The study included 188,648 first-time mothers, of whom 5,722 (3%) had a history of depression associated with hormonal contraception initiation, and 18,431 (9.8%) had a history of depression that was not associated with hormonal contraception. Those with a history of depression associated with the use of hormonal contraception had a higher risk of developing postpartum depression than those whose past depressive episodes were not associated with hormonal contraception. Further, the risk of developing perinatal depression (including depressive episodes that occurred between the third trimester and six months postpartum) was also greater for participants who had a history of depression associated with hormonal contraception compared with those who did not.

The authors noted that, importantly, the findings do not imply that hormonal contraception use leads to a higher risk of postpartum depression. They instead indicate that a history of depression after initiating hormonal contraception may unmask susceptibility to postpartum depression and could be an important piece of a patient’s clinical history.

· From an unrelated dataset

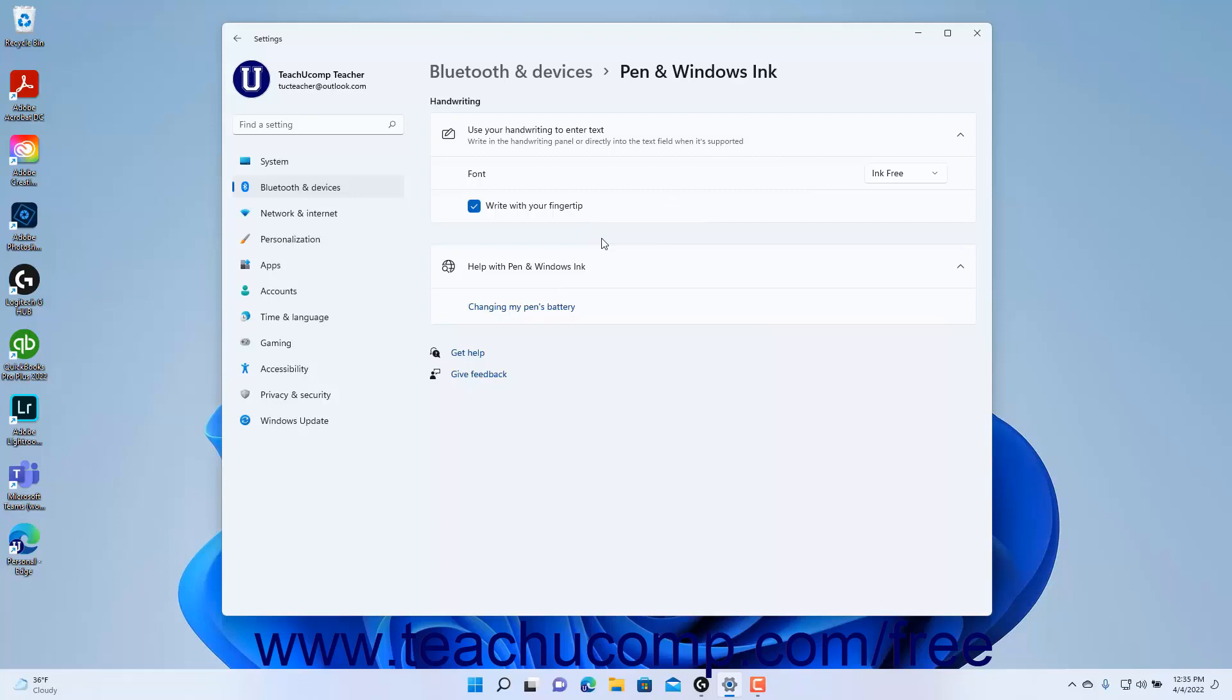For devices with a pen connected, you will see the pen settings appear in this window. Here you can change the settings that tell Windows the hand with which you write and also change which actions Windows should take when you click, double-click, or hold down the shortcut button on the pen.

The study aligns with what Payne has found regarding reproductive depression generally. In 2013, she and her colleagues published a study in Neuropsychopharmacology in which they identified epigenetic biomarkers that can predict who is at risk of developing postpartum depression with 80% accuracy. She and her colleagues are continuing to study this work related to other types of reproductive depression, Payne said. She is optimistic that physicians may eventually be able to test to see who is at the greatest risk of reproductive depression, such as postpartum depression, and work on prevention before the symptoms even develop.

Some women are sensitive to reproductive depression (such as premenstrual dysphoric disorder or perimenopausal depression) for decades, from the onset of menstruation through menopause, Payne said.

“We are starting to see more attention being paid to postpartum depression, but I don’t think health professionals pay enough attention to other reproductive depressions that patients experience,” she said. “With more awareness about this, psychiatrists can better understand how their patients with depression may be impacted when they start oral contraception. It could be a rocky period, and they can be better prepared.”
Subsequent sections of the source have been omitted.